实战Google深度学习框架笔记-第8章循环神经网络-1-前向传播。 Github: RNN-1-Forward_Propagation.ipynb

运算的流程图可参考下面这张图

RNN Forward Propagation

RNN 前向传播知识回顾

$a^{<0>}=\vec{0}$

$a^{<1>}=g\_1(W\_{aa}a^{<0>}+W\_{ax}x^{<1>}+b\_a)$

$y^{<1>}=g\_2(W\_{ya}a^{<1>}+b\_y)$

$a^{<{t}>}=g\_1(W\_{aa}a^{<{t-1}>}+W\_{ax}x^{<{t}>}+b\_a)$

$y^{<{t}>}=g\_2(W\_{ya}a^{<{t}>}+b\_y)$

激活函数： $g\_1$ 一般为 tanh函数 (或者是 Relu函数)， $g\_2$ 一般是 Sigmod函数.

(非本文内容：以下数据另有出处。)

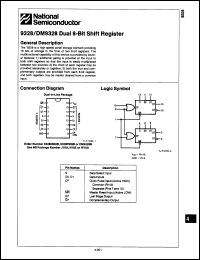 Click here to download 9328PCQR Datasheet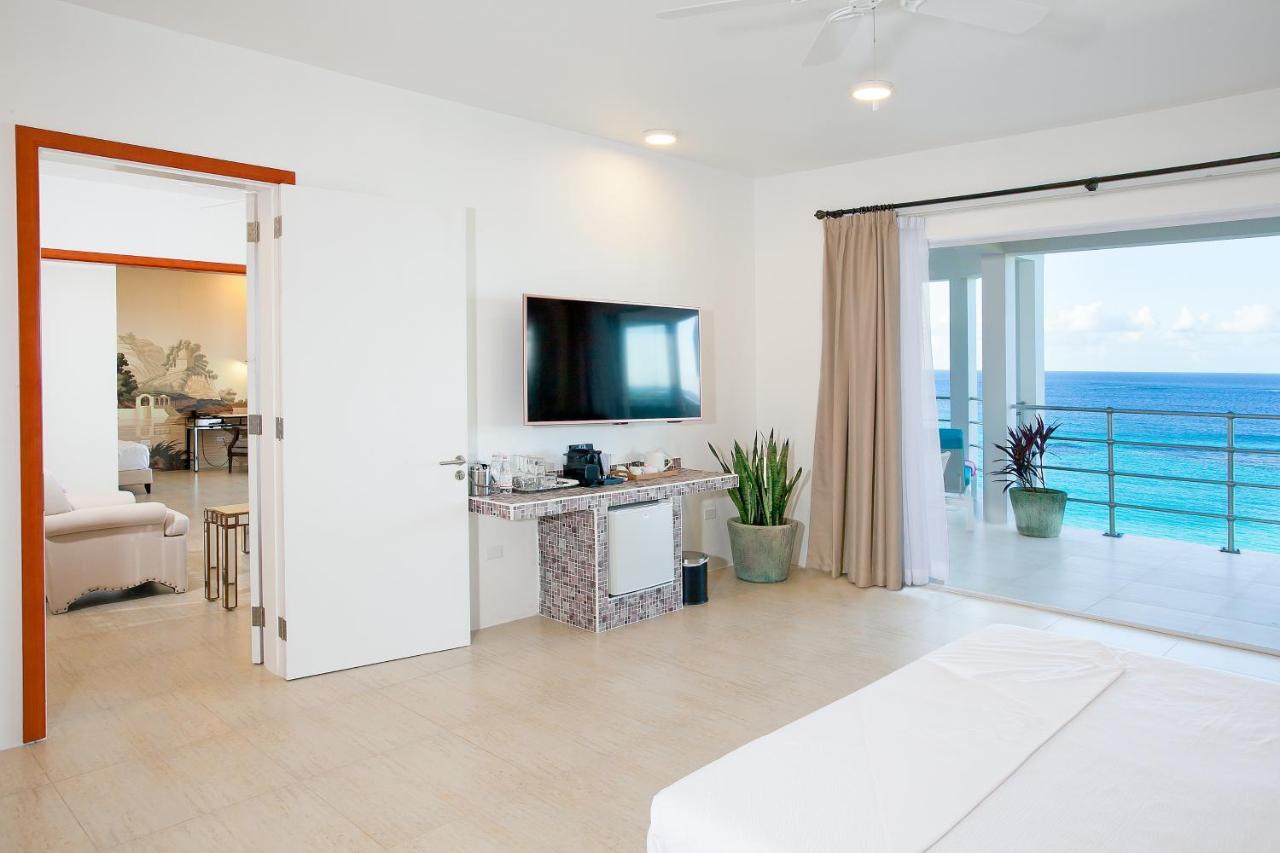 The Manoah Boutique Hotel Shoal Bay Village Εξωτερικό φωτογραφία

注意: 参数的下标是有顺序含义的，如 $W\_{ax}$ 下标的第一个参数表示要计算的量的类型，即要计算 $a$ 矢量，第二个参数表示要进行乘法运算的数据类型，即需要与 $x$ 矢量做运算。如 $W\_{ax} x^{t}\rightarrow{a}$

1. 定义RNN的参数

这个例子是用np写的，没用到tensorflow

import numpy as np

# 初始化， state = a^{<0>} 与 定义 X 时间序列参数
X = [1, 2]
state = [0.0, 0.0] # a^{<0>}

# 分开定义不同输入部分的权重以方便操作
w_cell_state = np.asarray([[0.1, 0.2], [0.3, 0.4]]) # W_{aa}
w_cell_input = np.asarray([[0.5, 0.6]]) # W_{ax}

b_cell = np.asarray([0.1, -0.1])

# 定义用于输出的全连接层参数， 与 state = a^{<i>} 的 shape 相反置
w_output = np.asarray([[0.1], [2.0]])
b_output = 0.1

2. 执行前向传播的过程

# 按照时间顺序执行循环审计网络的前向传播过程
for i in range(len(X)):
    # 计算循环体中的全连接层神经网络
    before_activation = np.dot(state, w_cell_state) + X[i] * w_cell_input + b_cell
    
    state = np.tanh(before_activation)
    final_output = np.dot(state, w_output) + b_output
    
    print("iteration round:", i+1)
    print("before activation: ", before_activation)
    
    print("state: ", state)
    print("output: ", final_output)

output:

iteration round: 1
before activation:  [[0.95107374 1.0254142 ]]
state:  [[0.74026877 0.7720626 ]]
output:  [[1.71815207]]
iteration round: 2
before activation:  [[1.40564566 1.55687879]]
state:  [[0.88656589 0.91491336]]
output:  [[2.0184833]]

和其他神经网络类似，在定义完损失函数之后，套用第4章中介绍的优化框架TensorFlow就可以自动完成模型训练的过程。这里唯一需要特别指出的是，理论上循环神经网络可以支持任意长度的序列，然而在实际中，如果序列过长会导致优化时出现梯度消散的问题（the vanishing gradient problem） (8) ，所以实际中一般会规定一个最大长度，当序列长度超过规定长度之后会对序列进行截断。